The nature of the electrical, thermal mechanical and chemical phenomena associated with an electrosurgical resection of biological tissues is an important aspect of general surgery and other specialized medical treatments. A better understanding of the phenomena and the ability to model them are indispensable if advancements in the state of the art are to be achieved. This study particularly emphasizes two of the phenomena that have significant influence on the outcome of the electrosurgical procedure. These are the nature of the electric contact between tissue and electrosurgical scalpel and the mechanism of tissue water vaporization and subsequent mechanical damage to the tissue due to interstitial formation of the vapor micro bubbles and vacuoles. A numerical model of the interaction between tissue and electrosurgical scalpel was used to study the vaporization process at a number of power settings and for different scalpel geometries. An electric discharge striking between tissue and electrode was investigated and incorporated into an analytical model used for numerical simulation. For the water vaporization effect, surface evaporation at the tissue scalpel contact area and bulk vapor nucleation are introduced to facilitate the modeling of the change in tissue thermal and electric properties and tissue mechanical and thermal damage. A number of physical experiments were performed on beef muscle and saline and water samples to establish experimental values for the numerical model and observe electric circuit parameters, temperature variations and thermal damage cause by the electrosurgical current.
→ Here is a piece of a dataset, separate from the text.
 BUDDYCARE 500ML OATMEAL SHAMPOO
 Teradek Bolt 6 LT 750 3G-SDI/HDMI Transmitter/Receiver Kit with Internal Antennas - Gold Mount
These results are compared to those obtained from the simulations performed for the tissue-scalpel electric contact achieved by means of electric sparks, pure mechanical and mixed spark-mechanical contact. The simulation results for the contact through sparks alone are in least agreement and for the pure mechanical contact are in reasonably good agreement with those observed experimentally. It is reasonable to conclude that the sparks do not dominate the process of electrosurgical tissue resection though they contribute to formation of tissue thermal damage.